## Your objective
Every line in the data must be transcribed exactly.

## Entries shown
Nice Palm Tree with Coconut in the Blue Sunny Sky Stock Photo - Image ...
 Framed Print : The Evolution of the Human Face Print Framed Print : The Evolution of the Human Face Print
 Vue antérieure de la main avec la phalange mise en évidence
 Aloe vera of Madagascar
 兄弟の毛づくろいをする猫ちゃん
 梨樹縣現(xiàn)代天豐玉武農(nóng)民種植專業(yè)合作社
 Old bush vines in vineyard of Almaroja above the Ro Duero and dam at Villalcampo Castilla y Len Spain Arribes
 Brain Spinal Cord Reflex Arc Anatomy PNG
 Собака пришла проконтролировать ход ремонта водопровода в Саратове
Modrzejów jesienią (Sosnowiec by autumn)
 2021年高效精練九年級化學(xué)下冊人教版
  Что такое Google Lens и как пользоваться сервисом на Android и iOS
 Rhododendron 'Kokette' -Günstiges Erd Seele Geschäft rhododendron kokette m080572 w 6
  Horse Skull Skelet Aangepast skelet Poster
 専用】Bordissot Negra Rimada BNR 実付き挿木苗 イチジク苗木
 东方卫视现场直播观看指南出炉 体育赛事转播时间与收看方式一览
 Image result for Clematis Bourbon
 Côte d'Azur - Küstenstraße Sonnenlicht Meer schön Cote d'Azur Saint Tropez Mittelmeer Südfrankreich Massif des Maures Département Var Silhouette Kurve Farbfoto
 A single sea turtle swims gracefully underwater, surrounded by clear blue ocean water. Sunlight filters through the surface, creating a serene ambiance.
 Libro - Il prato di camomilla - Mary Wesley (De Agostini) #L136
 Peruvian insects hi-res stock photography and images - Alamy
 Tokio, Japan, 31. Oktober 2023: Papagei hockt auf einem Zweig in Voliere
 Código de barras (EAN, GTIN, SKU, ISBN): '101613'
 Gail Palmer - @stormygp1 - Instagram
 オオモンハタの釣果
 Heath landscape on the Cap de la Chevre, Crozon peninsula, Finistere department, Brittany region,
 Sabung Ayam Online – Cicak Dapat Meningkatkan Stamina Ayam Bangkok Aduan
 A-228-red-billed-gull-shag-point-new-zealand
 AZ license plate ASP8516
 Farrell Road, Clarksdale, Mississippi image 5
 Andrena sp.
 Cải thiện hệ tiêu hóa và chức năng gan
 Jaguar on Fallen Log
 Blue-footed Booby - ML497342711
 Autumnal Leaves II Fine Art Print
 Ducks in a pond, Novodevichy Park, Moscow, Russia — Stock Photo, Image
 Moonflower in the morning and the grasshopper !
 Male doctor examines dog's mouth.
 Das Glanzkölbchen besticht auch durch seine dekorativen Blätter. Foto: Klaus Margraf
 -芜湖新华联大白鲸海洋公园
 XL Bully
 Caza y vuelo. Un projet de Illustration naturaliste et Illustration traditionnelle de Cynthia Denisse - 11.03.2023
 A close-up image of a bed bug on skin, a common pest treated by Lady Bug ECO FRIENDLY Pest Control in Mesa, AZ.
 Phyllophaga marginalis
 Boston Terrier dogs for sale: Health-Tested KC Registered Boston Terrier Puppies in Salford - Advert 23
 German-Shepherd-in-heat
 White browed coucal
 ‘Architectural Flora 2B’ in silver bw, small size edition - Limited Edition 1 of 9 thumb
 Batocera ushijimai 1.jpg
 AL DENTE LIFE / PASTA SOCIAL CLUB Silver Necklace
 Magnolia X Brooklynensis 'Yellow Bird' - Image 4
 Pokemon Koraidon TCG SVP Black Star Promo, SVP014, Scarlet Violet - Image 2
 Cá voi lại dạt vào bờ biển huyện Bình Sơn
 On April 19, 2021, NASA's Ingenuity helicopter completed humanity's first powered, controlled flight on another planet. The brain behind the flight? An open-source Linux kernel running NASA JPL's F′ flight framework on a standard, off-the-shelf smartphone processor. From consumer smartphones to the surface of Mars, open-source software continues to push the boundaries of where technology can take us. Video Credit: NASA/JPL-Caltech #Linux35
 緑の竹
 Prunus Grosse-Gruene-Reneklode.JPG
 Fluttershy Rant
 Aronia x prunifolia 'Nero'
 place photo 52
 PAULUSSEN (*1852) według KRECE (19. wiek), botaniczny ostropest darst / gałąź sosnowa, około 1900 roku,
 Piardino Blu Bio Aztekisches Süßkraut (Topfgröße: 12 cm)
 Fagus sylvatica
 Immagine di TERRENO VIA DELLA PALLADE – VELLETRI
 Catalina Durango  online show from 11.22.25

## Response box
Nice Palm Tree with Coconut in the Blue Sunny Sky Stock Photo - Image ...
 Framed Print : The Evolution of the Human Face Print Framed Print : The Evolution of the Human Face Print
 Vue antérieure de la main avec la phalange mise en évidence
 Aloe vera of Madagascar
 兄弟の毛づくろいをする猫ちゃん
 梨樹縣現(xiàn)代天豐玉武農(nóng)民種植專業(yè)合作社
 Old bush vines in vineyard of Almaroja above the Ro Duero and dam at Villalcampo Castilla y Len Spain Arribes
 Brain Spinal Cord Reflex Arc Anatomy PNG
 Собака пришла проконтролировать ход ремонта водопровода в Саратове
Modrzejów jesienią (Sosnowiec by autumn)
 2021年高效精練九年級化學(xué)下冊人教版
  Что такое Google Lens и как пользоваться сервисом на Android и iOS
 Rhododendron 'Kokette' -Günstiges Erd Seele Geschäft rhododendron kokette m080572 w 6
  Horse Skull Skelet Aangepast skelet Poster
 専用】Bordissot Negra Rimada BNR 実付き挿木苗 イチジク苗木
 东方卫视现场直播观看指南出炉 体育赛事转播时间与收看方式一览
 Image result for Clematis Bourbon
 Côte d'Azur - Küstenstraße Sonnenlicht Meer schön Cote d'Azur Saint Tropez Mittelmeer Südfrankreich Massif des Maures Département Var Silhouette Kurve Farbfoto
 A single sea turtle swims gracefully underwater, surrounded by clear blue ocean water. Sunlight filters through the surface, creating a serene ambiance.
 Libro - Il prato di camomilla - Mary Wesley (De Agostini) #L136
 Peruvian insects hi-res stock photography and images - Alamy
 Tokio, Japan, 31. Oktober 2023: Papagei hockt auf einem Zweig in Voliere
 Código de barras (EAN, GTIN, SKU, ISBN): '101613'
 Gail Palmer - @stormygp1 - Instagram
 オオモンハタの釣果
 Heath landscape on the Cap de la Chevre, Crozon peninsula, Finistere department, Brittany region,
 Sabung Ayam Online – Cicak Dapat Meningkatkan Stamina Ayam Bangkok Aduan
 A-228-red-billed-gull-shag-point-new-zealand
 AZ license plate ASP8516
 Farrell Road, Clarksdale, Mississippi image 5
 Andrena sp.
 Cải thiện hệ tiêu hóa và chức năng gan
 Jaguar on Fallen Log
 Blue-footed Booby - ML497342711
 Autumnal Leaves II Fine Art Print
 Ducks in a pond, Novodevichy Park, Moscow, Russia — Stock Photo, Image
 Moonflower in the morning and the grasshopper !
 Male doctor examines dog's mouth.
 Das Glanzkölbchen besticht auch durch seine dekorativen Blätter. Foto: Klaus Margraf
 -芜湖新华联大白鲸海洋公园
 XL Bully
 Caza y vuelo. Un projet de Illustration naturaliste et Illustration traditionnelle de Cynthia Denisse - 11.03.2023
 A close-up image of a bed bug on skin, a common pest treated by Lady Bug ECO FRIENDLY Pest Control in Mesa, AZ.
 Phyllophaga marginalis
 Boston Terrier dogs for sale: Health-Tested KC Registered Boston Terrier Puppies in Salford - Advert 23
 German-Shepherd-in-heat
 White browed coucal
 ‘Architectural Flora 2B’ in silver bw, small size edition - Limited Edition 1 of 9 thumb
 Batocera ushijimai 1.jpg
 AL DENTE LIFE / PASTA SOCIAL CLUB Silver Necklace
 Magnolia X Brooklynensis 'Yellow Bird' - Image 4
 Pokemon Koraidon TCG SVP Black Star Promo, SVP014, Scarlet Violet - Image 2
 Cá voi lại dạt vào bờ biển huyện Bình Sơn
 On April 19, 2021, NASA's Ingenuity helicopter completed humanity's first powered, controlled flight on another planet. The brain behind the flight? An open-source Linux kernel running NASA JPL's F′ flight framework on a standard, off-the-shelf smartphone processor. From consumer smartphones to the surface of Mars, open-source software continues to push the boundaries of where technology can take us. Video Credit: NASA/JPL-Caltech #Linux35
 緑の竹
 Prunus Grosse-Gruene-Reneklode.JPG
 Fluttershy Rant
 Aronia x prunifolia 'Nero'
 place photo 52
 PAULUSSEN (*1852) według KRECE (19. wiek), botaniczny ostropest darst / gałąź sosnowa, około 1900 roku,
 Piardino Blu Bio Aztekisches Süßkraut (Topfgröße: 12 cm)
 Fagus sylvatica
 Immagine di TERRENO VIA DELLA PALLADE – VELLETRI
 Catalina Durango  online show from 11.22.25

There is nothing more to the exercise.